The Great BoJack Horseman Rewatch: The Old Sugarman Place

Back in the 1940s, the Sugarman summer home in Michigan played host to a sad tale of a son lost in the war, and the family troubles that ensued. Decades later, BoJack ends up there after driving away from LA. As the months pass, he reluctantly accepts a neigbhour’s help in fixing up the old place.

BoJack Horseman is never afraid to experiment with different animation and storytelling styles, and in this episode, it’s the latter that gets the attention. The Old Sugarman Place tells two parallel storylines – one about BoJack’s current breakdown and escape from responsibility, and the other about his family’s tragic past.

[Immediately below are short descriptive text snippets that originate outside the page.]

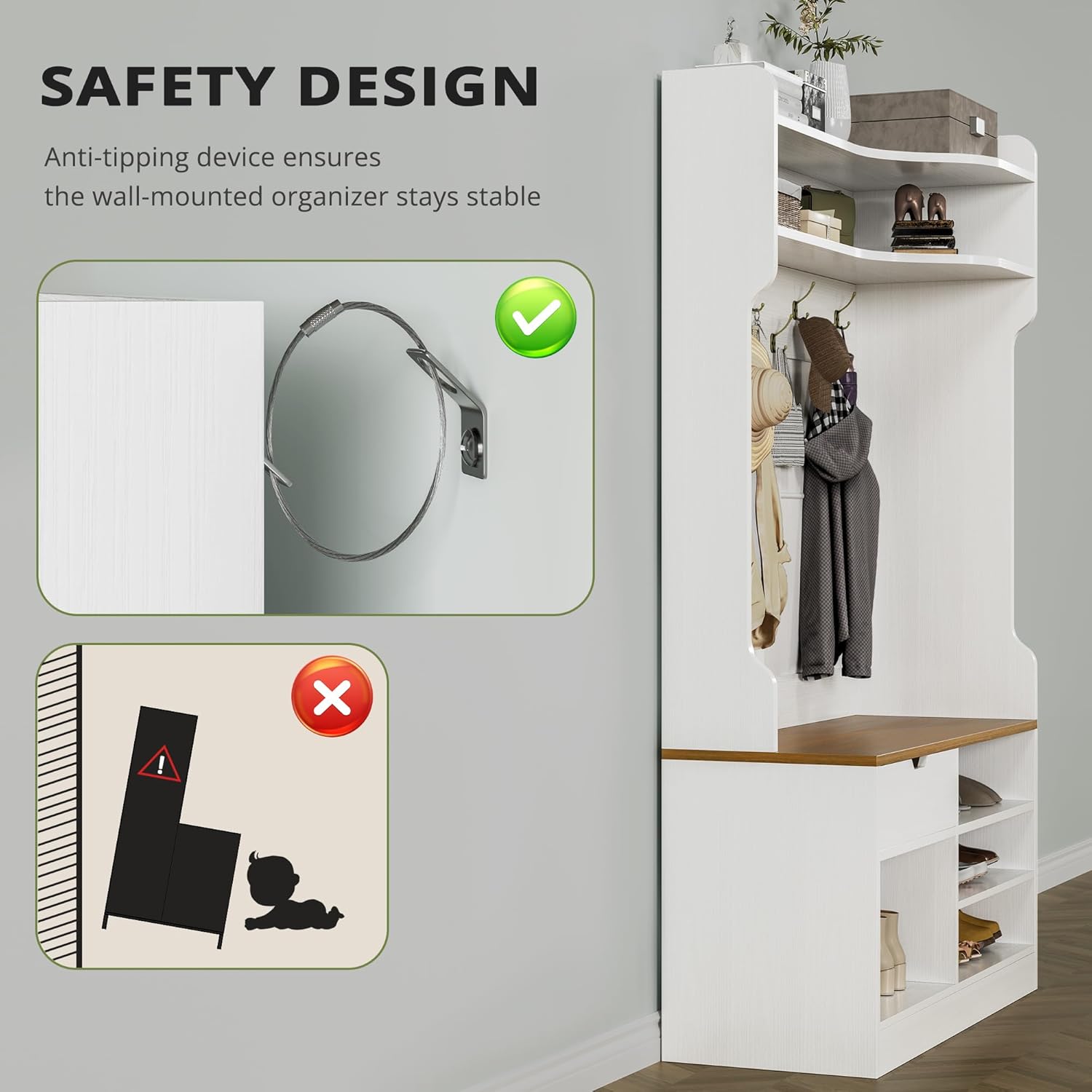 AesthLife Modern Hall Tree - Bench & Shoe Storage Organizer (Classical White)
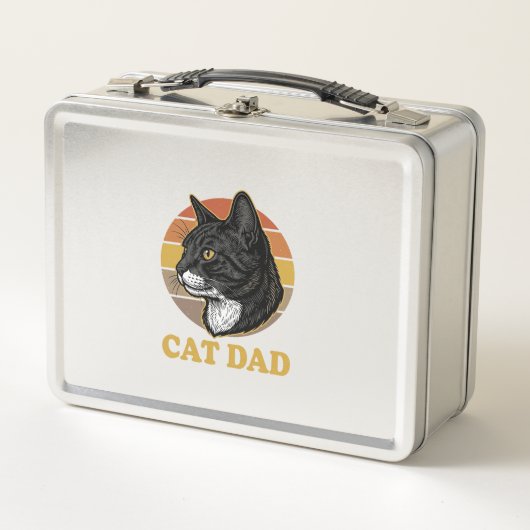 Lunch Box Conception de chemise pour papa de chat rétro vint (Devant)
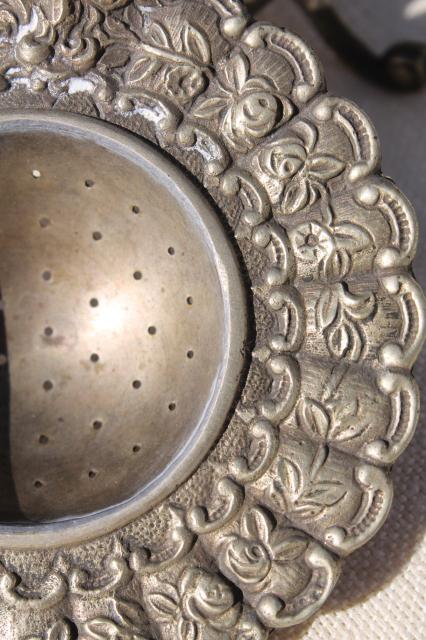 photo of tiny ornate metal tea strainer on stand, vintage Italian silver plate over brass #5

Let’s focus first on what we learn about the Sugarmans. Joseph and Honey Sugarman and their two children Crackerjack and Beatrice were a reasonably happy family – at least Crackerjack died fighting in World War II. Devastated at the loss of her beloved son, Honey becomes increasingly unable to cope, leading to a car accident, a nervous breakdown, and an eventual ‘cure’ in the form of a lobtomy – possibly the darkest thing to happen in the show since the Chicken-4-Dayz episode. All the while, the young and impressionable Beatrice is by her mother’s side, and ultimately she takes away the lesson that shapes her adult life: “Love does things to a person, terrible things. Beatrice, promise me you’ll never love anyone as much as I loved Crackerjack”.

It’s a minor spoiler to reveal it now, but we’re going to be seeing a lot more of Beatrice this season. Given how hateful and negative she is, it’s important for us to get this first look at what shaped her. The Beatrice in the flashbacks is an earnest, innocent little girl, somewhat restricted by the patriarchy and always second-fiddle to Crackerjack in her mother’s affections. That in itself is already quite sad, but it feels both what happened to Honey, and the advice she gave Beatrice, are ultimately what set her on the path of becoming so cold and abusive towards her own son, BoJack.

In the present day, BoJack seems about to drop everything and run with the wild horses, but hesitates at the last minute after getting a call from Diane. Although he doesn’t answer the phone in time, it seems to divert him – instead of running away from everything, he chooses instead to revisit the old family home. As summer turns to winter, BoJack shivers in a corner of the dilapidated house, watching a TV dramatisation of Sarah Lynn’s death.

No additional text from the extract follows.